Фрэнси аж подпрыгнула. Получается, мама даже с закрытыми глазами читает ее мысли? Потом она сообразила, что, погруженная в свои размышления, произнесла последнюю фразу вслух. Фрэнси рассмеялась – впервые после смерти папы, а мама открыла глаза и тоже улыбнулась.

39

В мае состоялось первое причастие. Фрэнси было четырнадцать с половиной лет, Нили на год меньше. Сисси, опытная швея, сшила Фрэнси скромное белое платье из муслина. Кэти исхитрилась купить ей белые балетки и пару белых шелковых чулок. Первые шелковые чулки в жизни Фрэнси. Нили надел черный костюм, купленный для похорон отца.

В их районе существовала легенда, что любые три желания, загаданные в этот день, исполнятся. Полагалось загадывать одно несбыточное желание, одно такое, которое можешь исполнить сам, и еще одно на взрослую жизнь. Фрэнси загадала несбыточное желание: чтобы ее прямые темные волосы стали золотистыми и кудрявыми, как у Нили. Второе желание – говорить таким же красивым голосом, как мама, Эви и Сисси. А третье желание – на взрослую жизнь – было объездить весь мир. Нили пожелал, во-первых, разбогатеть, во-вторых, улучшить оценки в табеле, в-третьих, не пить, когда вырастет.

Еще в Бруклине существовал железный закон: в день первого причастия ребенка нужно отвести к настоящему фотографу. У Кэти не было денег, чтобы заказать фотографии в ателье. Пришлось удовольствоваться снимками, которые сделала Флосси Гэддис своим фотоаппаратом. Флосси поставила детей на тротуар и щелкнула, не заметив, что в кадр въехал трамвай. Она увеличила фотографию, вставила в рамку и подарила Фрэнси в день причастия.
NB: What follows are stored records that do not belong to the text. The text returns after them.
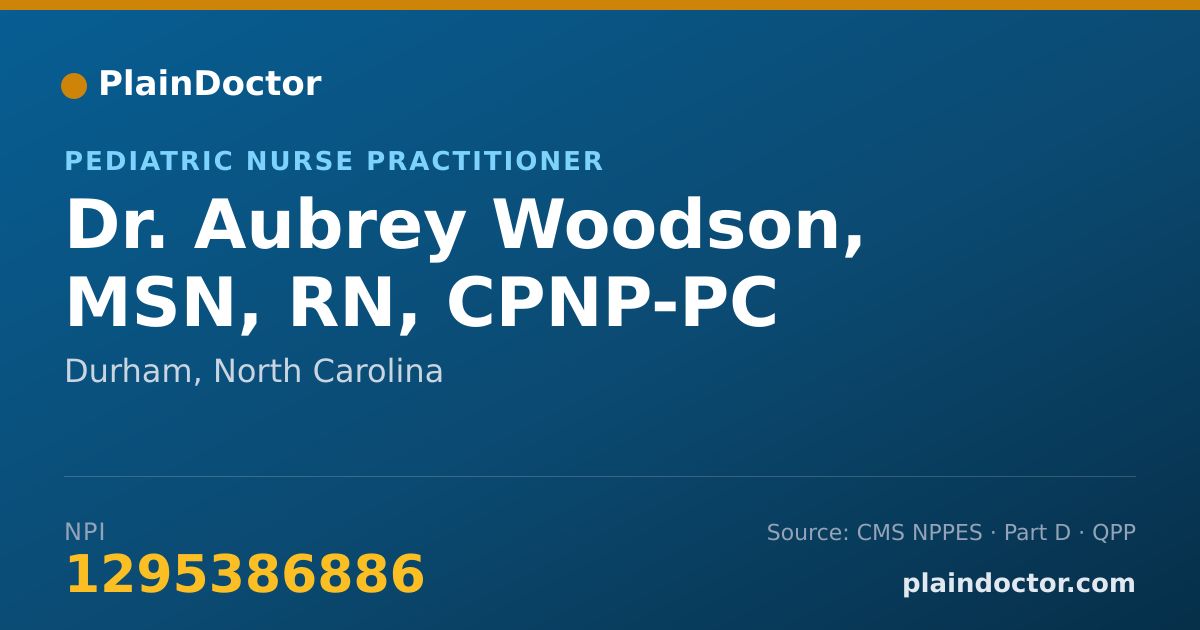 Shareable card for Aubrey Woodson, MSN, RN, CPNP-PC - Pediatric Nurse Practitioner, Durham, NC
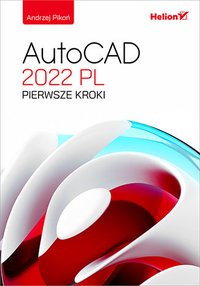 AutoCAD 2022 PL. Pierwsze kroki - Andrzej Pikoń - ebook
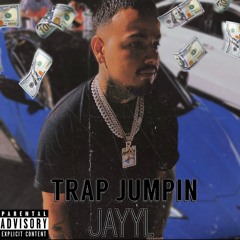 JayyL - Trap Jumpin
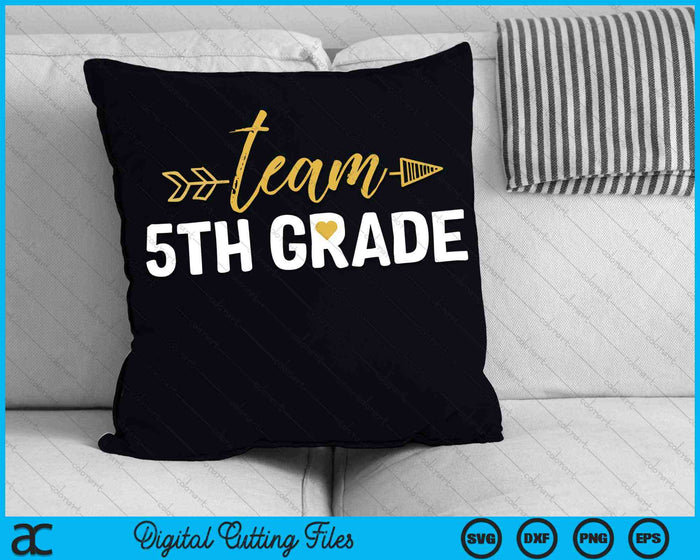 Team 5th Grade Hello Fifth Grade Crew Squad Teacher Kids SVG PNG Cutting Printable Files
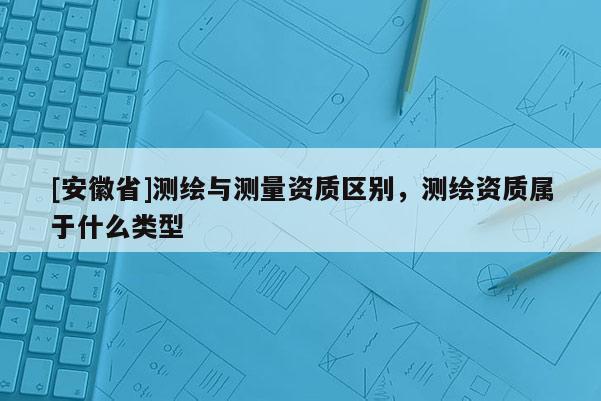 [安徽省]測(cè)繪與測(cè)量資質(zhì)區(qū)別，測(cè)繪資質(zhì)屬于什么類型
Сисси гостила у них, когда Флосси принесла фотографию. Кэти держала снимок в руке, а Сисси и Фрэнси разглядывали его из-за ее плеча. Фрэнси никогда раньше не фотографировалась. Впервые в жизни она смотрела на себя со стороны, как смотрят другие люди. Прямо, словно застыв, стоит она на обочине, спиной к сточной канаве, ветер раздувает подол платья. Рядом Нили в отглаженном черном костюме, он на голову выше Фрэнси, очень крепкий и красивый. Солнце заходит за крыши и освещает лицо Нили – оно вышло отчетливо, ярко, а лицо Фрэнси оказалось в тени и выглядит темным, сердитым. За спинами у них вырастает трамвай.

Сисси сказала:

– Держу пари, это единственная в мире конфирмационная фотография на фоне трамвая.

– Это хорошая фотография, – ответила Кэти. – На улице, они выглядят куда естественней, чем в фотоателье на фоне задника с намалеванной церковью.

Кэти повесила фотографию над камином.

– Какое имя ты выбрал, Нили? – спросила Сисси.

– Как у папы. Теперь я Корнелиус Джон Нолан.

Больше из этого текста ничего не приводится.